A coronal mass ejection, or CME, commonly occurs with a solar flare, but it is definitely not uncommon for either of them to erupt independently. A CME originates in the corona, or the outer atmosphere on the Sun, where the sudden and violent release of energy sends charged particles in a steady stream toward whatever happens to lie in its path. If the CME is directed towards Earth, CMEs can cause a geomagnetic storm, which is basically the charged particles interacting with the Earth's magnetosphere. These storms not only produce magnificent auroras, but they can also be dangerous to astronauts in space, devices such as satellites as well as power lines. However, as mentioned before, the companies responsible for susceptible products are well versed in space weather and know when to take proper measures to keep their devices or astronauts safe.

That's all really informative, but the real question humming in the back of our minds is what if the Sun produced an incredibly strong solar flare or CME and Earth was staring down the barrel of the explosion, could we survive?

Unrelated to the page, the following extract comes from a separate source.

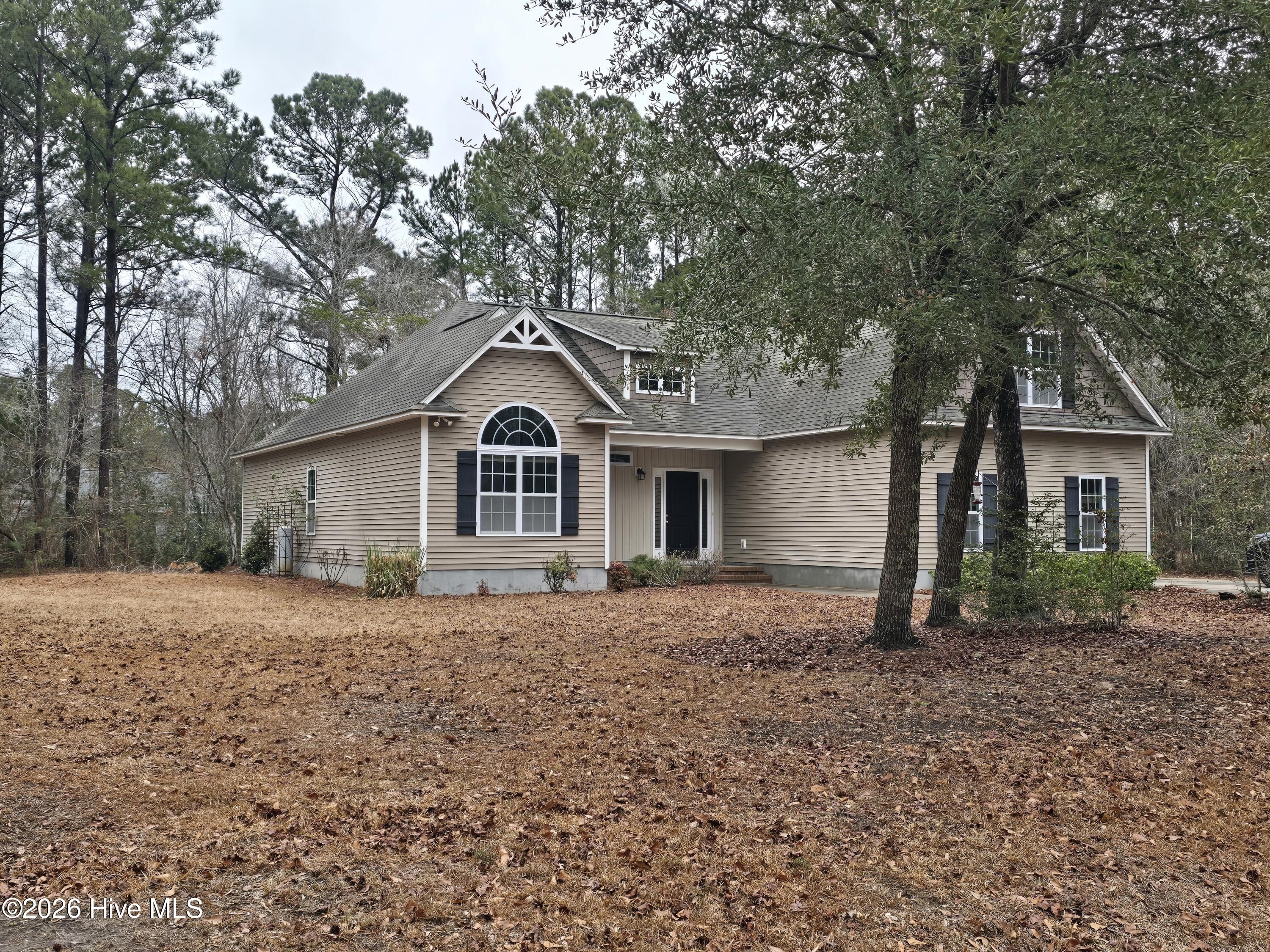 100547360 | Photo 39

While we cannot deny that serious Earth damaging flares or CMEs are certainly a possibility, we can be pretty sure that it is highly unlikely to happen. We have witnessed other, bigger stars emitting flares that would be deadly to an Earth-like planet orbiting at roughly the same distance, but our Sun just isn't as powerful as those bigger stars. The Sun has been shining light towards the Earth for at least 4 billion years and humans have been keeping close tabs on it for the last few hundred years and there hasn't been any evidence to suggest that any mass extinction scenario involving the Sun has occurred in the past. The strongest flare known was the Carrington event in 1859, and even that flare couldn't penetrate our atmosphere and magnetosphere.

Now, let's take a look at these jaw-dropping flares!

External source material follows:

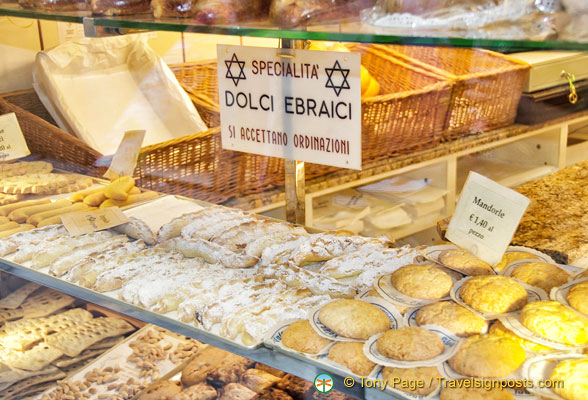 Jewish cakes and pastries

I acquired these images from the Solar Dynamics Observatory Mission Blog.

The image above is from the AIA 1600 channel for 0248 UTC 13-May-2013. It shows a nice set of loops rising over the flaring region, which is just over the limb. This channel measures C IV emissions. These loops are about 26 km (16 million miles) high, a little over twice the diameter of the Earth. They are visible about 21 minutes after the peak in the X-ray irradiance.

This X3.2 flare peaked at 0111 UTC on 14-May-2013 (9:11 pm ET on 13-May-2013). Here are some stills from AIA 1600 and 1700 and the HMI continuum.

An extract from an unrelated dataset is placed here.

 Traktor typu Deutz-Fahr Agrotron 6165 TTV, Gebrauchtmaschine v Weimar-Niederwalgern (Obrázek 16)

The above image is from later in the flare (0200 UTC) and shows the loops in 1600, with a bridge moving toward the upper right of the frame.

The above image is a little earlier (0148 UTC) but is the best time to see the wisps of coronal loops in this channel. There is a little wisp of light above the loops that is also seen in the 1600 passband on left.

The HMI continuum image above (also at 0200 UTC) shows the sunspot that is producing these flares.

AR 11748 unleashed another X-class flare last night. It was an X1.2, peaking at 0148 UTC, 15-May-2013 (9:48 pm ET, 14-May-2013). The location was N11, E63, a little south of the earlier flares but in the same active region. Here is the post-flare arcade, nicely displayed in AIA 335 the light of Fe XVI, which measures plasma at 2.5 million Kelvin. This is almost 10 hours after the peak and the loops are still bright.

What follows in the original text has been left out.